HR 22 juni 2018, ECLI:NL:HR:2018:981
1. Van bewust roekeloos handelen in de zin van art. 8:1064 BW is sprake wanneer de aansprakelijk gestelde persoon het aan de gedraging verbonden gevaar kent en zich ervan bewust is dat de kans dat het gevaar zich zal verwezenlijken aanzienlijk groter is dan de kans dat dit niet zal gebeuren, maar hij zich door dit een en ander niet van dit gedrag laat weerhouden. Die maatstaf geldt ook in gevallen waarin sprake is van een vaststaand gevaar, bijvoorbeeld in gevallen van schade door het gebruik van een ondeugdelijk vervoermiddel.
2. Bij de beoordeling van de beroepsaansprakelijkheid van een cassatieadvocaat gaat het erom of het gebrekkige cassatieberoep (als dat niet gebrekkig was geweest) tot vernietiging zou hebben geleid en, zo ja, hoe na verwijzing over de zaak zou zijn geoordeeld.

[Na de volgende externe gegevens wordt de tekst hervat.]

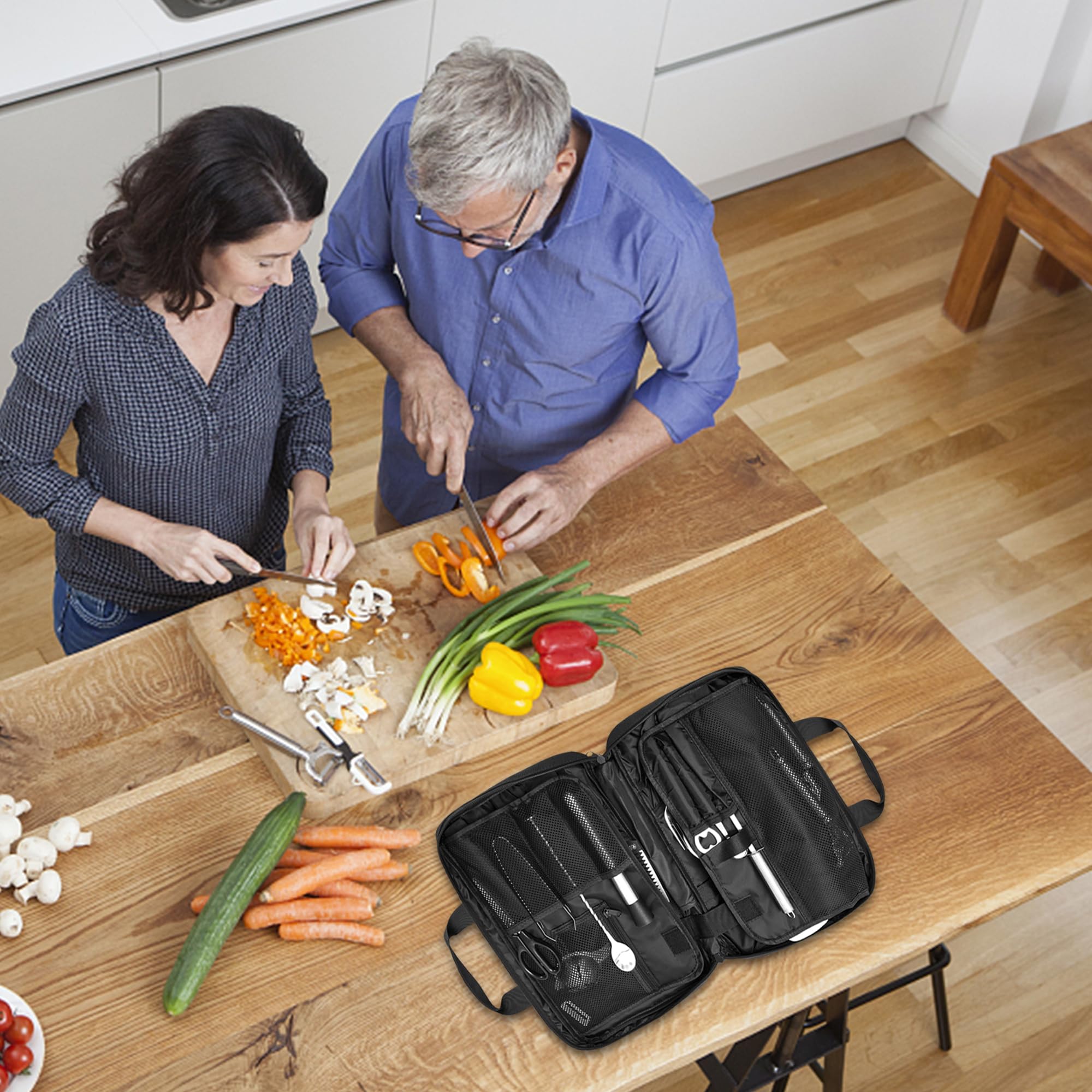 Professional Chef Knife Bag - 25 Pockets Knife Storage Case & Travel Carrier for Kitchen Knives & Utensils | Ideal for Chefs, Cooking Classes & Culinary Travel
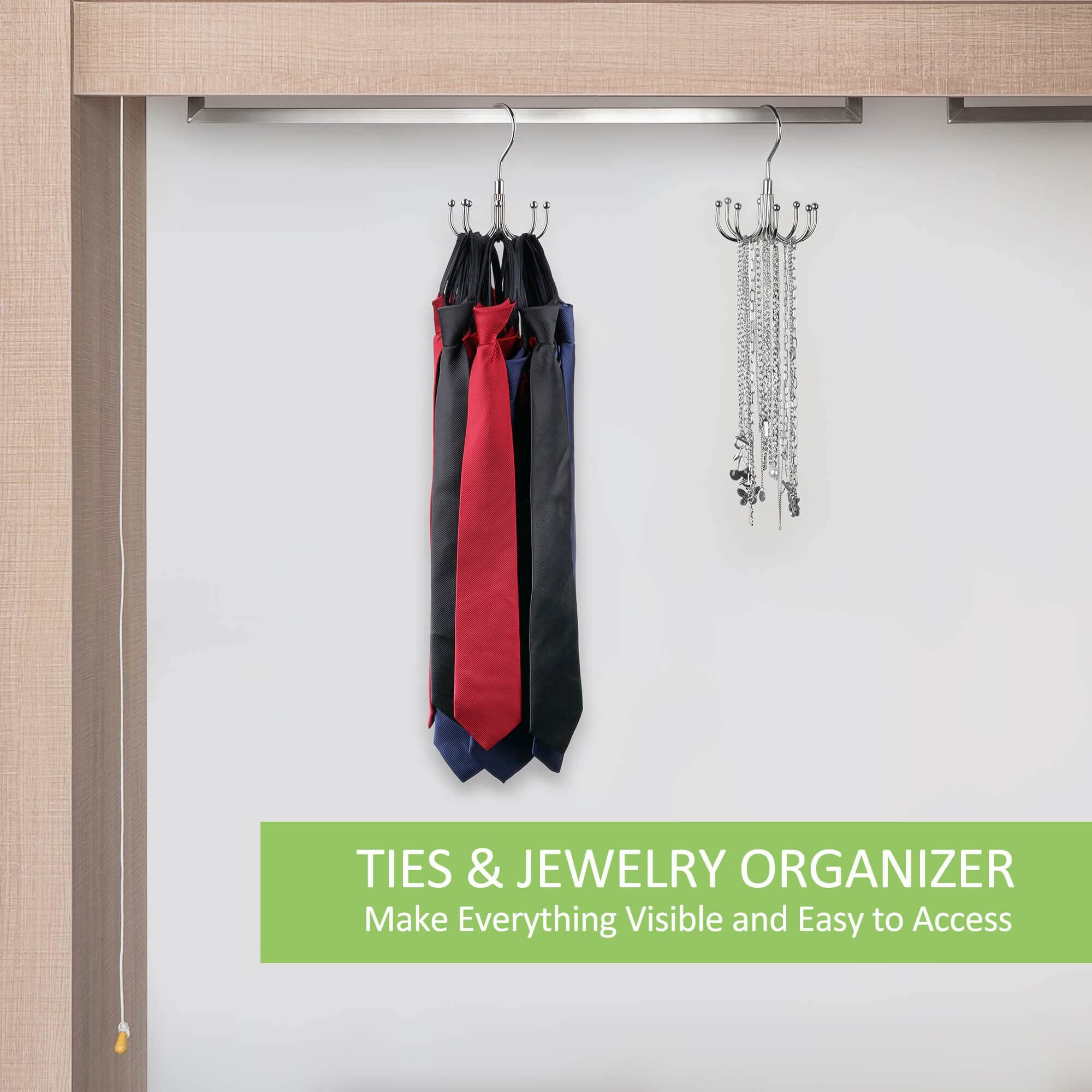 Omhomety Belt Hanger  Rotatable Belt Organizer For Closet  Accessories Rack  Space Saving Hanging Holder Storage Hook For Belt  Tie  Scarf  Purse  Bra  Tank Top  Silver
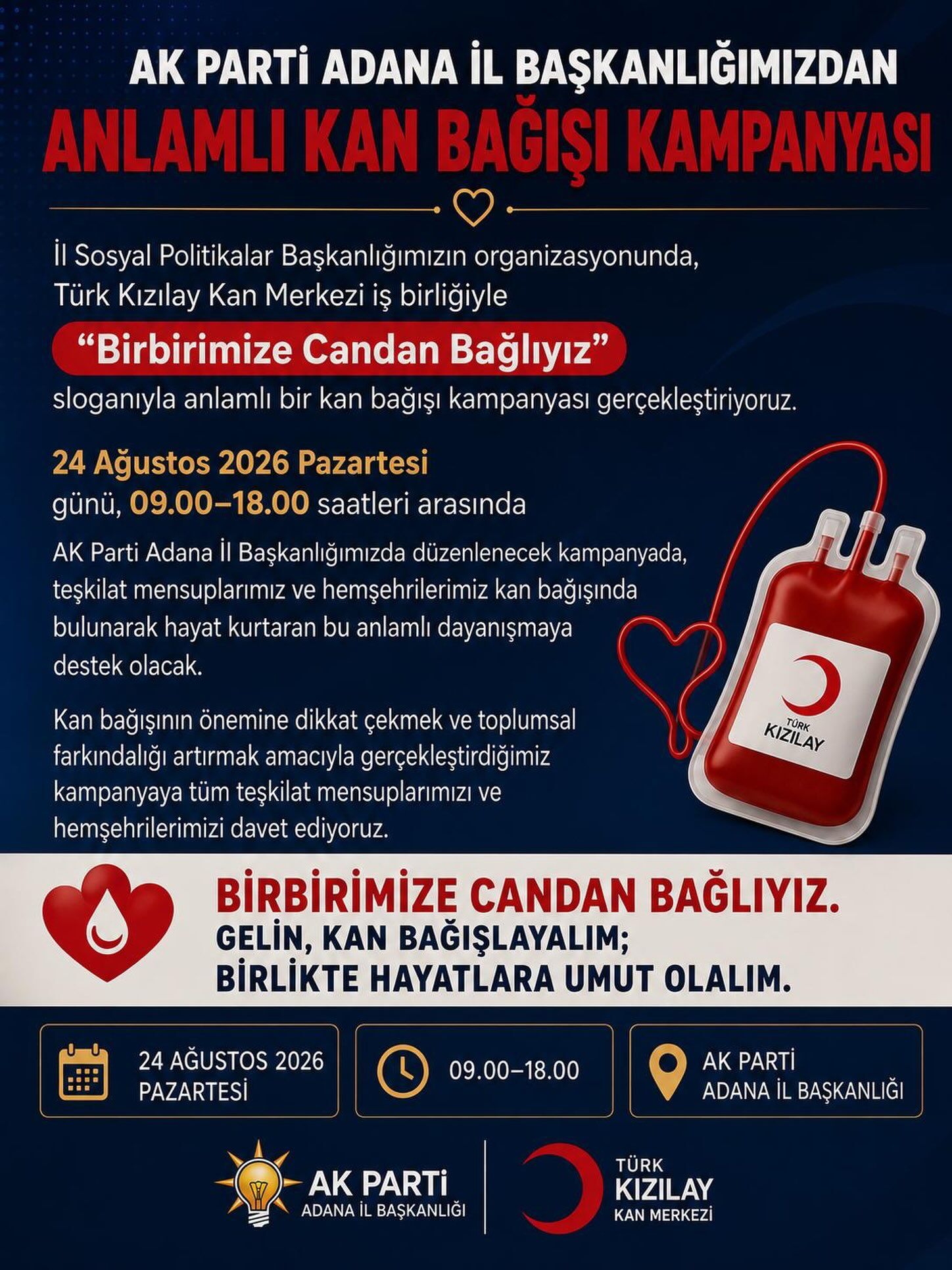 Ak Parti Adana İl Başkanlığı'ndan Anlamlı Kampanya Birbirimize Candan Bağlıyız-1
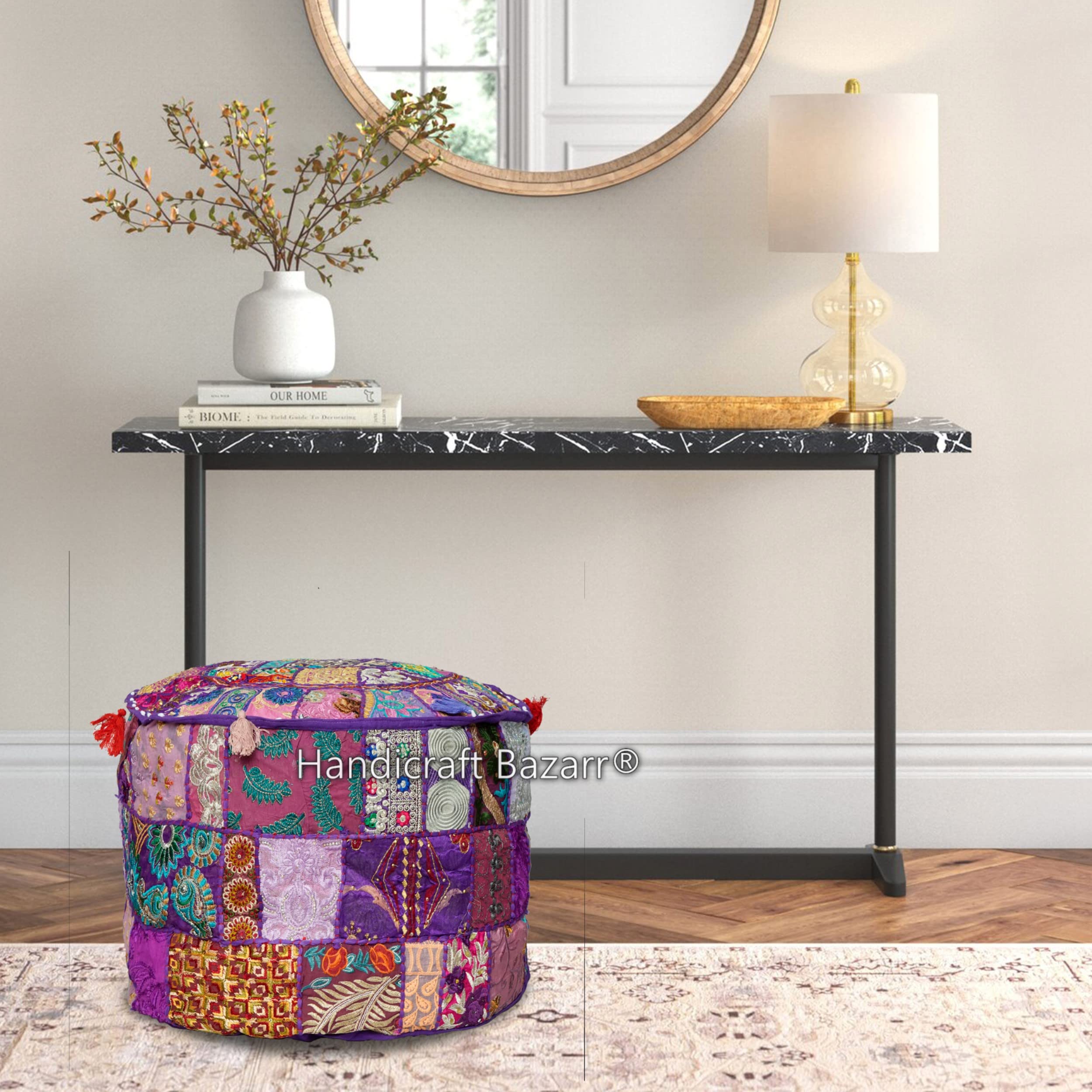 Handicraft Bazarr Rajasthani Mudda Cotton Bean Bag 16 Inch Patchwork Ottoman Embroidered Stool Pouf Cover Vintage Tassels Poufy Festival Decorative Round Pouf Wedding Decor Ottoman Cover (Purple)-image-16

De rechter dient bij de hiervoor bedoelde beoordelingen uit te gaan van de stand van de rechtsontwikkeling op het moment waarop – de beroepsfout weggedacht – over de vordering of het rechtsmiddel zou zijn geoordeeld.
Beperking van aansprakelijkheid na aanvaringen
Scheepseigenaren en nog een aantal partijen kunnen onder voorwaarden het recht hebben hun aansprakelijkheid voor schade bij een aanvaring te beperken, door bepaalde fondsen te stellen. Dat was vroeger geregeld in het Wetboek van Koophandel en tegenwoordig in art. 8:750 BW en verder voor zeeschepen en in art. 8:1060 BW en verder voor binnenschepen. Beperking van aansprakelijkheid is niet mogelijk bij “opzet die schade te veroorzaken, hetzij roekeloos en met de wetenschap dat die schade er waarschijnlijk uit zou voortvloeien” (art. 8:1064 BW). “Roekeloos” is volgens vaste rechtspraak van de Hoge Raad: wanneer de aansprakelijk gestelde persoon het aan de gedraging verbonden gevaar kent en zich ervan bewust is dat de kans dat het gevaar zich zal verwezenlijken aanzienlijk groter is dan de kans dat dit niet zal gebeuren, maar hij zich door dit een en ander niet van dit gedrag laat weerhouden.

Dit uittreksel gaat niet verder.